Der Bundesvorstand unterstützte etwa einen Antrag, mit dem der Parteitag "Koalitionen und ähnliche Formen der Zusammenarbeit" der CDU mit Linkspartei und AfD ausschließen soll. Das zielt vor allem auf die Landtagswahlen in Thüringen, Sachsen und Brandenburg im kommenden Jahr. Unter anderen hatte Brandenburgs CDU-Chef Ingo Senftleben eine Zusammenarbeit mit der Linken ins Spiel gebracht. Hintergrund sind die Umfragen in den drei Bundesländern, in denen AfD und Linke zusammen auf bis zu 44 Prozent kommen.

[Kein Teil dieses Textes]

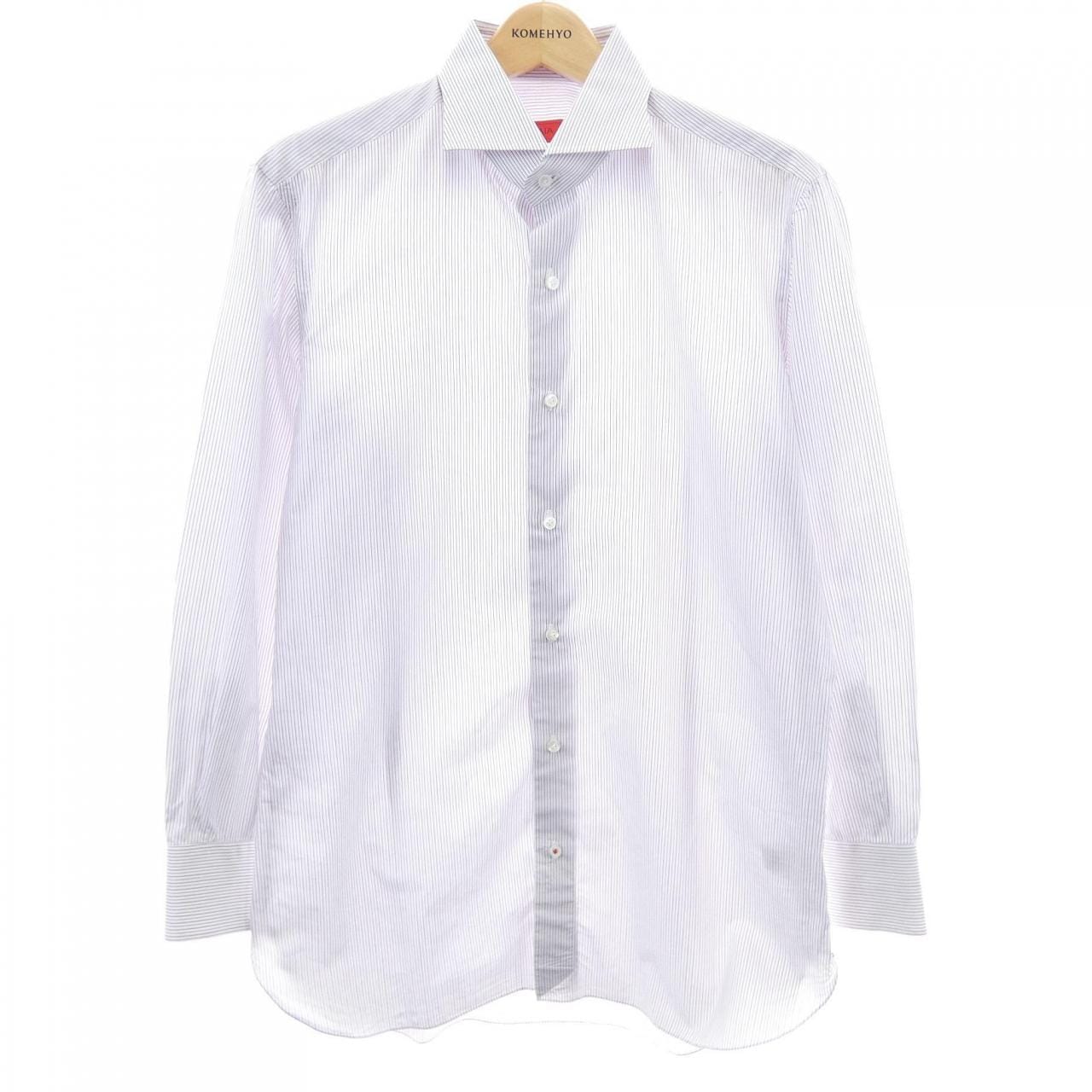 イザイア ISAIA シャツ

Der CDU-Vorstand verständigte sich außerdem auf einen Antrag zur Erhöhung der Verteidigungsausgaben. Der Parteitag soll sich zum Nato-Ziel bekennen, "die Mittel für den Verteidigungshaushalt in Richtung 2 Prozent des Bruttoinlandsprodukts zu steigern", heißt es darin. Auf diesem Weg soll spätestens 2024 die Marke von 1,5 Prozent erreicht werden, derzeit liegt Deutschland bei etwa 1,25 Prozent. Der Antrag dürfte für Ärger mit dem Koalitionspartner SPD sorgen.
Antrag verlangt vollständige Abschaffung des Solis bis Ende 2021
Das gilt auch für die Haltung der CDU-Spitze zum Solidaritätszuschlag. Auf dem Parteitag soll jetzt ein Antrag verabschiedet werden, in dem - bei Beibehaltung eines ausgeglichenen Haushalts ohne neue Schulden - die vollständige Abschaffung des Zuschlags bis Ende 2021 verlangt wird. Die große Koalition hat sich bisher lediglich auf eine Streichung für 90 Prozent der Soli-Zahler verständigt.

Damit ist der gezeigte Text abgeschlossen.